The following is a true story. I haven’t thought about it for a long time.
An obituary in the The New York Times of June 25, 2016 of Times fashion photographer Bill Cunningham reminded me of it, indirectly.
One paragraph of the very interesting and well written obit struck me particularly:
As a teenager, [Cunningham] got a part-time job at the department store Bonwit Teller, then received a scholarship to Harvard, only to drop out after two months. “They thought I was an illiterate,” he said. “I was hopeless, but I was a visual person.”
I immediately thought that this was on an on target comment, a bit of perceptive self-analysis. And, I thought about myself.
Cunningham, the fashion photographer, was obviously right brained. He was not equipped — mentally, so to speak — for the Harvard curriculum. (Which does not mean he was stupid; intelligence is complex and multi-faceted.)
I am just the opposite. I am totally left brained. I can read and write very well, but at right brain tasks, I am hopeless. A complete idiot.

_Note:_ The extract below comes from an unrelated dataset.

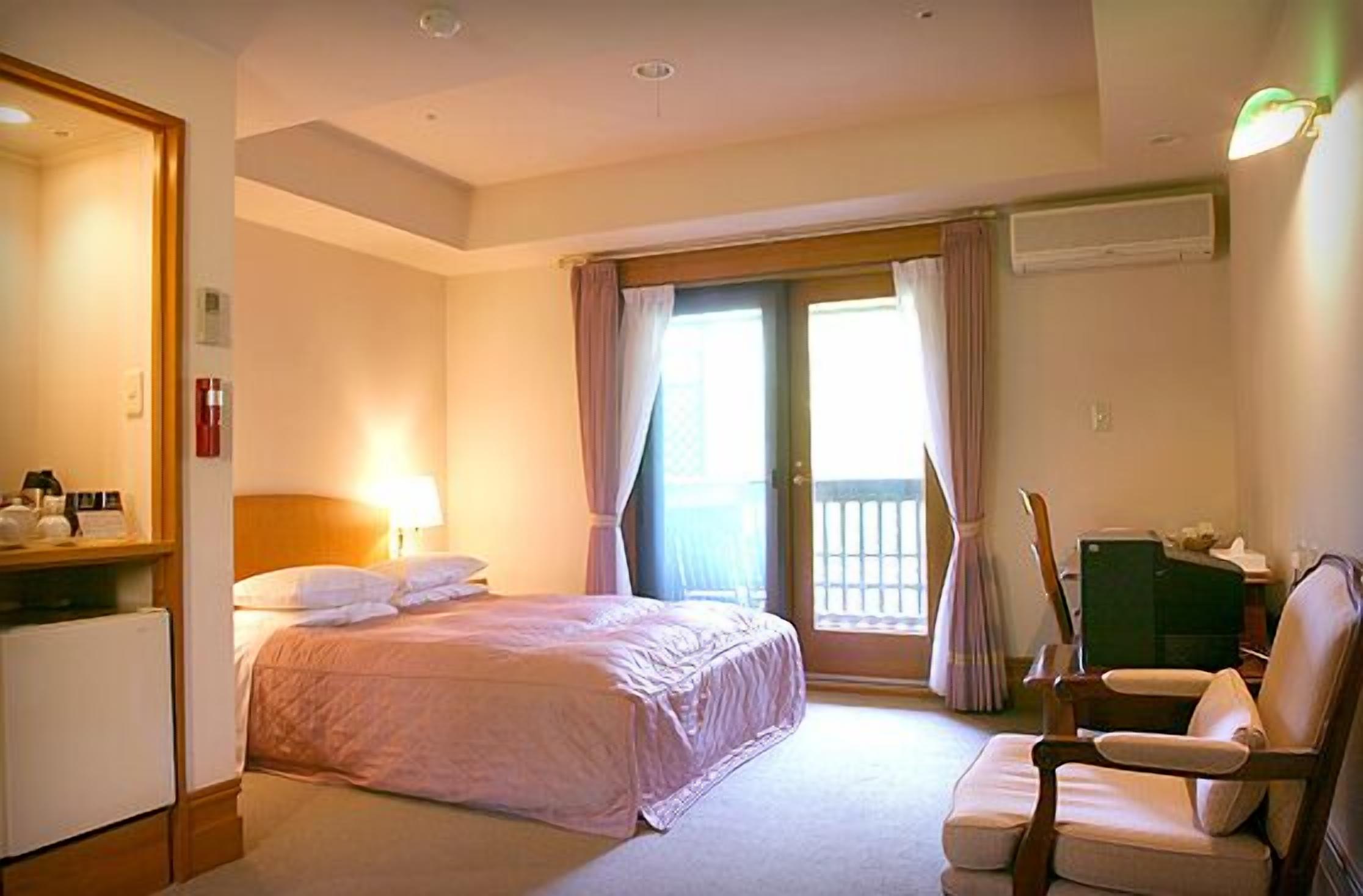 Una camera d'hotel con un letto, una scrivania, una sedia e una finestra con tende.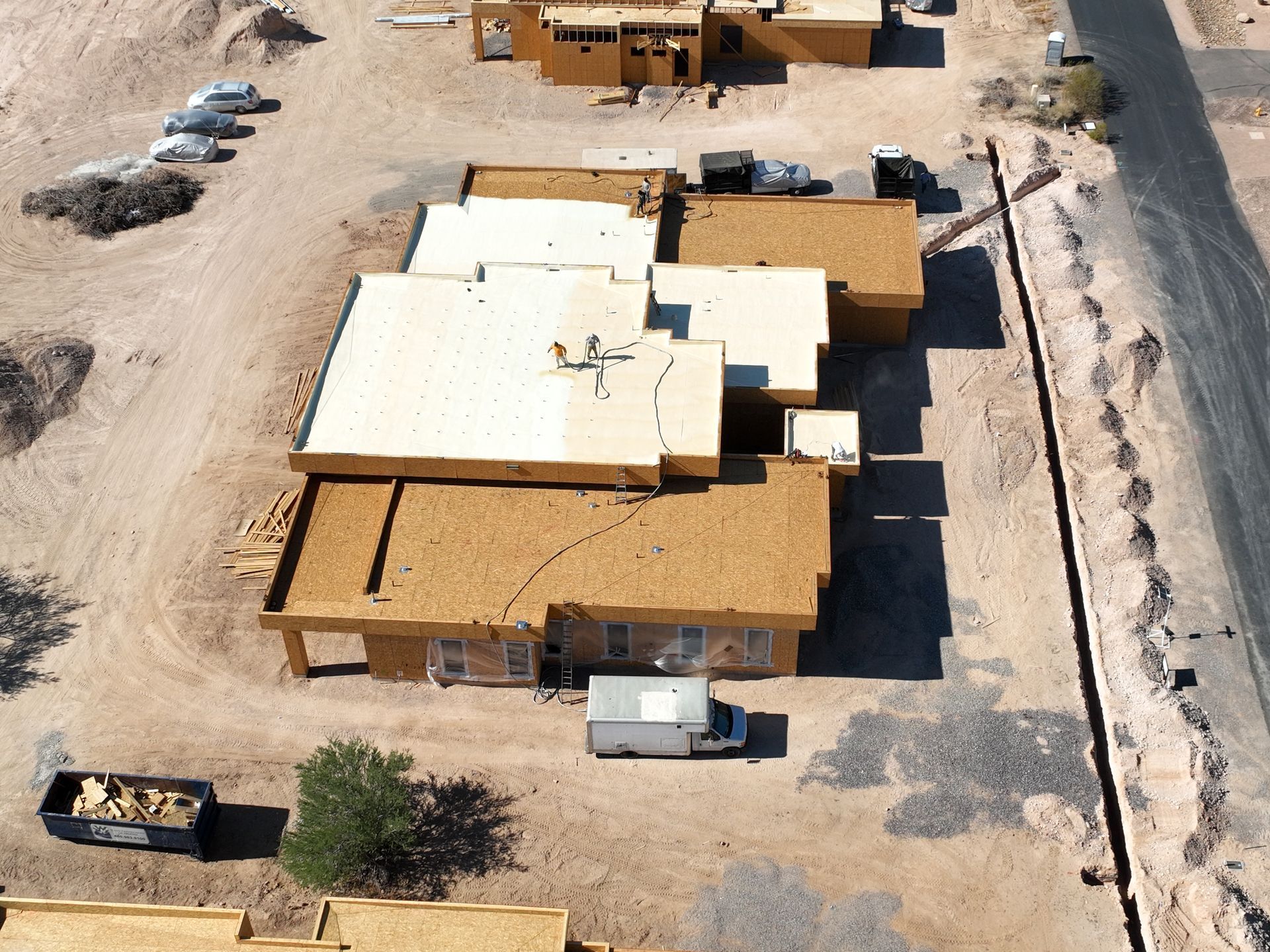 An aerial view of a building with a white roof.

At Brandeis University, a liberal arts school which I attended, most of the work involved reading and writing. Heavy reading loads. Term papers. Essay exams.
At the end of the semester, there would be a three hour final exam. You were given a blue book and a few essay questions. It was like pulling teeth. You would scribble and scribble and hope to get a good grade or at least pass. I would usually fill up two or three blue books, would hand them in exhausted, would usually not finish until the three hours were up.
I tended to do well, often with very little preparation. The reason: I could write an essay on particularly any topic and spin it like a spider weaving a web, if given just a few facts, a grain of knowledge, to work with.
I also knew how to “protect” myself. Be clear, be succinct, don’t make wild statements you can’t back up, don’t stray off topic, answer the question.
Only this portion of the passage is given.